A big Hollywood star came to town recently. Paul Hollywood, that is.

Mr Hollywood (as I’m sure he likes to be known) appeared along with other stars of the Great British Bake Off and a variety of foody celebrities at the recent Big Cake Show on the outskirts of Exeter. I managed to wangle a last-minute afternoon off work and made my way out to the Westpoint Arena to join the massing throngs. Except, when I got there, I found that they had closed the doors to non-ticket holders about half an hour before I arrived. Which was a bit of a shame and just goes to show how much the folk in the South West love their cake. And Mary Berry.Big cake no

Moving swiftly on from that incident, not least because it makes me look a little foolish (why didn’t I buy an advance ticket?), I would like to talk about some cakes that I did actually get to eat. It is a well-established tradition known to anyone who works in an office that, on your birthday, you are required by some unwritten law to buy your colleagues a selection of cakes. The cakes are unveiled, the email goes out, people meander over and engage in terrible small talk until they can escape with a cake. It’s no fun for anyone, but at least they get cake.

And this year they got some really good cake.

Normally the annual birthday cake run means a trip to the supermarket to grab packets of cookies and boxes of doughnuts. But this year is the year that I have embraced local food producers and it would seem churlish if I had ignored all of the great local shops selling cakes and continued to give even more money to the supermarkets. Yes, it took me a few minutes longer to get there than it would the supermarket and, yes, it cost me a few pounds more but the cakes were worth it. A few minutes and a couple of pounds is not too large a cost once a year.

Mrs Gills cakes

This year I went to Darts Farm and bought a couple of Mrs Gill’s cakes: tangy lemon drizzle cake and sticky ginger cake. Both were delicious and were very well received at work. “Ooh, posh cake” was a fairly representative reaction, but don’t forget that I probably paid only slightly more than I would for a selection of supermarket cakes.

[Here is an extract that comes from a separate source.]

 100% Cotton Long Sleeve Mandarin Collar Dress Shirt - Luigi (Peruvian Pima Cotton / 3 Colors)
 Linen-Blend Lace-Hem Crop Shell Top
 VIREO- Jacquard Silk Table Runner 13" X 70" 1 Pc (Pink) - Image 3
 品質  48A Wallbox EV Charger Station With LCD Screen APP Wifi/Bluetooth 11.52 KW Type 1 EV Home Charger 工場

The perceived value was significantly higher than the actual difference in cost.

The ginger cake was sticky, not dry, and the lemon cake was incredibly moist and full of lemon. That’s exactly how they should be, of course, but it’s surprising how often these types of cakes turn out to be a bit disappointing.

Alongside the cakes there was also a selection of Devon biscuits, from Continental Crumbs. Continental Crumbs is run by Birgit, bringing some German baking expertise to Devon since 2006. These were also very good, with a great crisp crunch to the biscuit and a lovely flavour.

Continental Crumb

Not to be outdone, I came home after work to find that Mrs RB had baked me a fantastic genoese sponge birthday cake topped with cream and raspberries. And best of all, my work colleagues didn’t get a look-in with that one. That one Mrs RB and I demolished ourselves and very nice it was too.

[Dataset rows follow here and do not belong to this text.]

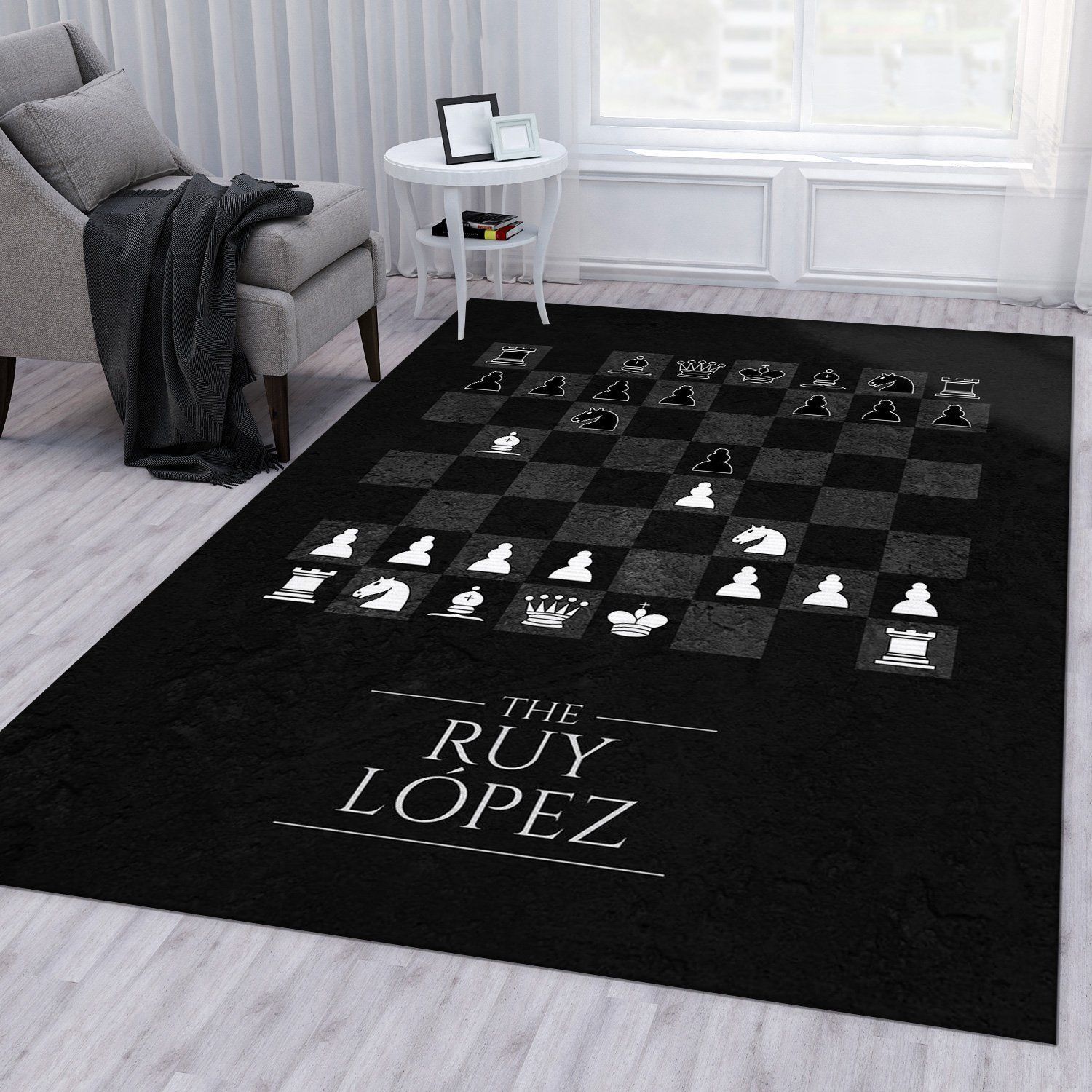 Ruy Lopez Chess Area Rug Living Room Rug Home US Decor - Indoor Outdoor Rugs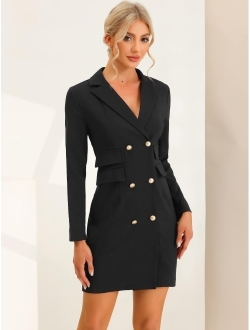Women's Elegant Blazer Office Work Dress with Pockets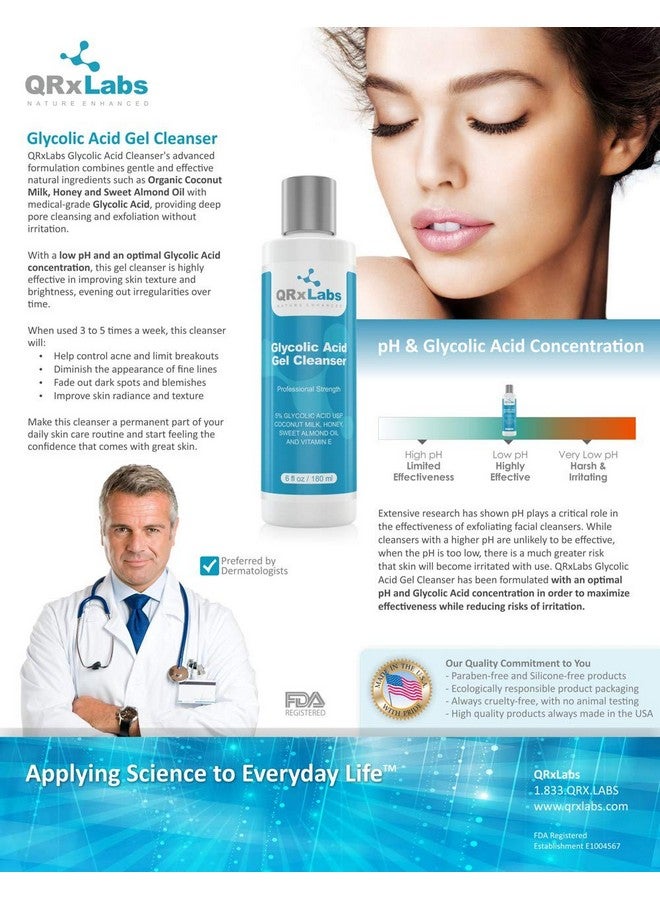 كيو آر إكس لابس غسول الوجه بحمض الجليكوليك من QRxLabs، منظف جل مقشر، لعلاج التجاعيد والخطوط الدقيقة وحب الشباب والبقع والتقشير الكيميائي - يقلل من نتوءات الحلاقة والشعر الناشئ تحت الجلد، 6 أونصات لعلاج حب الشباب للوجه - غسول للوجه مضاد للشيخوخة - Image 5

What I’ve discovered this birthday is that it only takes a small change to divert your hard earned money away from the supermarkets and into the hands of local suppliers. And when you do, there’s a better than average chance that your colleagues will thank you for it. A few office brownie points can’t hurt after all.


3 thoughts on “Big Cake No

  1. I love Darts Farm. We sometimes stop by there on the weekend to pick up something from the deli counter.

    My manager went to the cake show, but I have to admit, after a couple of years looking at wedding cakes for our nuptials, I am fancy-caked out. It doesn’t stop me eating them though…

    • Darts Farm is a bit too close to where I work for me to avoid it for too long. I can make myself feel virtuous if I visit Cotswolds at the same time and stare at some walking gear before going to buy beer and cake.